**Exercise prompt**: Give back each line of the material that contains the word "Sticker".

(Task data Opens)

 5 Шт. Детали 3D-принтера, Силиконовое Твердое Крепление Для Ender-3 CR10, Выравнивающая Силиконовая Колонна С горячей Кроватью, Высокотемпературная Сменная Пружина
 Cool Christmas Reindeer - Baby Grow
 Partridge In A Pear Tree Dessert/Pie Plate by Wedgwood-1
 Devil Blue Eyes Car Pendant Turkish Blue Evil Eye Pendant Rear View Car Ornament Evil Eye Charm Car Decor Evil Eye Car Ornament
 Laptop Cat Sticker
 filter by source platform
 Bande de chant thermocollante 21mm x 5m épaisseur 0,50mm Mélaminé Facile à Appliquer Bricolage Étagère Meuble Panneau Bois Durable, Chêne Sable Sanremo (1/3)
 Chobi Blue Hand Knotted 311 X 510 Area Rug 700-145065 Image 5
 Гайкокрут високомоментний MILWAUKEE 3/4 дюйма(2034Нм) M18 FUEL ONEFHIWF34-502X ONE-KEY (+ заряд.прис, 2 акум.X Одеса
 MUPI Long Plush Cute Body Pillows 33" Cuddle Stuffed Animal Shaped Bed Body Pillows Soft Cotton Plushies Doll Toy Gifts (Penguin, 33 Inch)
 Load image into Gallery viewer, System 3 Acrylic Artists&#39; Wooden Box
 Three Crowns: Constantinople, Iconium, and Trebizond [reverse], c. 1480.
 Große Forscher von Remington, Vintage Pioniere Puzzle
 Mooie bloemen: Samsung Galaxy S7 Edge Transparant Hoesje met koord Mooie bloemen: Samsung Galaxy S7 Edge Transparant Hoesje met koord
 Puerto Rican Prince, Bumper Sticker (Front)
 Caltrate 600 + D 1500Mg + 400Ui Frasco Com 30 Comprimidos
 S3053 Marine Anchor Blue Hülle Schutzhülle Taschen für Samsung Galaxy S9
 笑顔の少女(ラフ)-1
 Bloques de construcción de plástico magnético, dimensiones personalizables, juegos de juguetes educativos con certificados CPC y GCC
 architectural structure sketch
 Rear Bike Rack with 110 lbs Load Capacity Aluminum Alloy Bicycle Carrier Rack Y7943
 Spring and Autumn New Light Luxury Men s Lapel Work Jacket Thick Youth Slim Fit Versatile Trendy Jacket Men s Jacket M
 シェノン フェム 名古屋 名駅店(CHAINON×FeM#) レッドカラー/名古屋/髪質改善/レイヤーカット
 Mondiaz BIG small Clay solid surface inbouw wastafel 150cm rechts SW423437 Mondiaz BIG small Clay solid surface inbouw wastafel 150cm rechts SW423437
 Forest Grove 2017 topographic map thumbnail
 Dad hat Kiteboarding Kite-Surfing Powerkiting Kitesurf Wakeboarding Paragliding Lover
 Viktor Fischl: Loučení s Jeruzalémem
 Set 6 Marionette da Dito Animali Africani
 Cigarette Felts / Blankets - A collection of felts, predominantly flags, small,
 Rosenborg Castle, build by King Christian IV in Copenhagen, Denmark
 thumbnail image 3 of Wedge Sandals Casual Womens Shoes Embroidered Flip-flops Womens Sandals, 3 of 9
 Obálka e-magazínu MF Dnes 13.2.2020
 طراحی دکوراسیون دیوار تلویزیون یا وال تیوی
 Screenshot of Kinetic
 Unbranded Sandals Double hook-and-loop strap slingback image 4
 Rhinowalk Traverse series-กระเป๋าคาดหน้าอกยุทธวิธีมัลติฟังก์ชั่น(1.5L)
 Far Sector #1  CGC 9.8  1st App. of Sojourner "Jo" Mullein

(Task data Closes)

**Solution for this task**:
 Laptop Cat Sticker
 Puerto Rican Prince, Bumper Sticker (Front)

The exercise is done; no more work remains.